Response # The Shock of The New

The Shock of The New was not particularly shocking. This is most likely because it's from about 30 years ago. It seems a good rule of thumb that after 30 years anything shocking becomes mundane. Or pointless.

I did like it, and not just because there were pictures. This presents a problem for me. How am I going to write about something I like? Difficult. Difficult. Difficult.

I could just agree that the art movement has gone the way of something... old. Just as easily I could agree that the very notion of Avante Guarde is extinct. Or at least should be. Burden had himself shot, and masturbated under a gallery floor, which didn’t leave a whole lot left to do. No more shocking, SHOCKING I should say, progression.

But, what I really got a kick from was Robert Hughes acknowledging that art movements in general have very little effect on the mass of people. This of course makes sense. A very small percentage of people give a damn. And of that small percentage the majority either is practicing art in some way, or at the very least writing about it. So, as I seem to be doing a lot as of late... I’m going to focus on the internet.

Because before the internet, if I am to believe what Hughes has to say, in many cases art was being made for the masses. Sure they didn’t care, but it would be hard to say that they were not being taken into account. The internet though, has created a whole different beast. Or a hose of a different color. Or something.

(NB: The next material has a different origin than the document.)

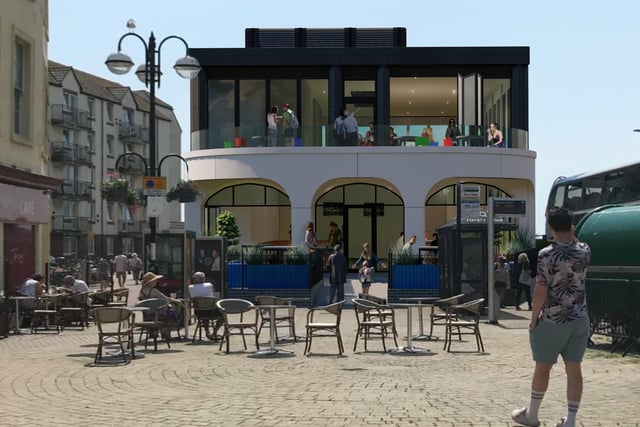 Proposed new restaurant in Harold Place, Hastings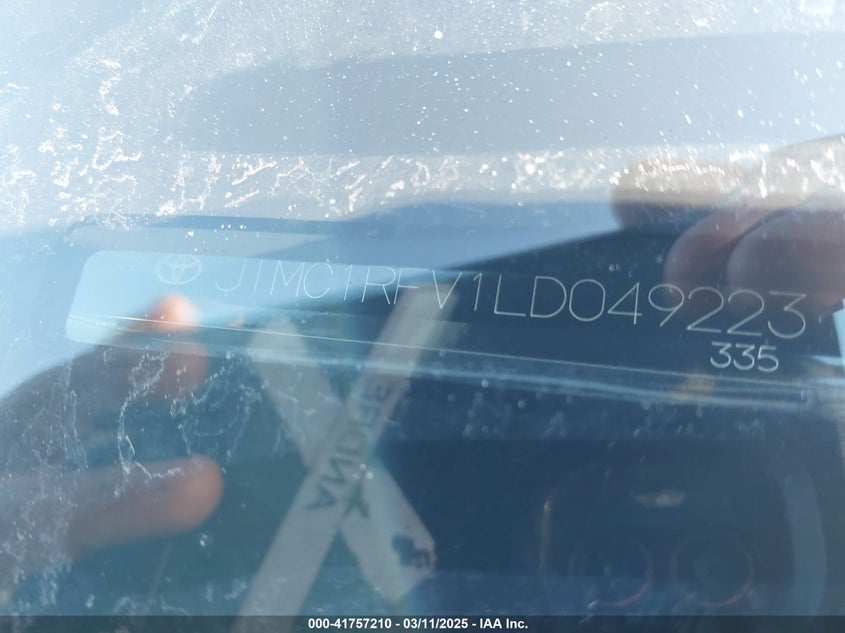 2020 TOYOTA RAV4 XLE PREMIUM - JTMC1RFV1LD049223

Resulting from limited communication and transportation artists were previously forced to create work that engaged their locality and community. There was a desire to address this. That is if we are to look at the Constructivists, BauHaus, DaDa, they were looking towards social issues and not glancing at their twitter feed. With the arrival of the internet we can all now participate in an unpleasant array of insular systems. There are so many artists tooting each others cyber horns that not much else gets taken into account.

I am a big internet supporter. Do not get me wrong. But, when I think of all the artists making work over the internet, I have to consider that maybe something a little more genuine might get made if they stopped posting pictures of spiderman and went outside for just a second.

Friday, November 21, 2008

Response # Scott McLoud

I have discovered that there are two problems that come with writing things down on paper. The first is that I inevitably end up writing on top of something that I would have preferred not too have writing on it. Luckily enough I have managed, mostly by accident, not to write on top of any impending bills. The second however, and apologies to Zara for this one, is that I never get around to typing anything up on my computer. Logically I have a much harder time posting anything here. Whoever invented paper seems to have forgotten a copy and paste function. I am going to turn the page on this habit. Or more appropriately, perhaps, I will not be turning any more pages. Print is dead and all that, etc. I cannot dismiss the Scott McCloud reading that were, in fact, printed.
As of late I have become increasingly interested in models. The kind you would snap together with small colored bricks, not the ones with the arms, legs, torso and other human accouterments.
Here’s where my year log western lit class did me well. Because, Descartes was concerned with this as well. He used it to prove the existence of god if I remember correctly. We as a species are unable to draw a perfect circle, unable to experience one in nature, and yet we can superimpose the idea of the PERFECT circle onto that which we can create. Descartes called this God. Clearly he was something of a romantic. What he says in less than two pages illuminates to a frightening degree. I do not take this to be God, but it does lend itself to a kind of faith.
I may have just had a religious moment here. Thinking about the Cartesian proof of God. No booming voice, but i have become and am right now, as I am typing, enamored with this idea. Like I was clipped by a bicycle messenger. I cannot and do not agree with Descartes, but in his indoctrinating way he may have actually stumbled on something larger than himself. We don’t need to create perfection because we have evolved to see it. We as a species, on the whole, everyone, is capable of imposing perfection over each and every object, situation, they see. Intuition allows us to make a jump that is incalculably farther than achievement.
I think at their worst artists desire to function as some sort of creator. A roll which has already been taken by the participant. Art in its best, most whole hearted functioning allows for this. The gap between artist and viewer is, in the end, never bridged by artist. Look at that giant bean Anish Kapoor made. It literally superimposes the viewer over the top of its self. It is invisible. I believe he got a holiday for it.
I need to go to Chicago.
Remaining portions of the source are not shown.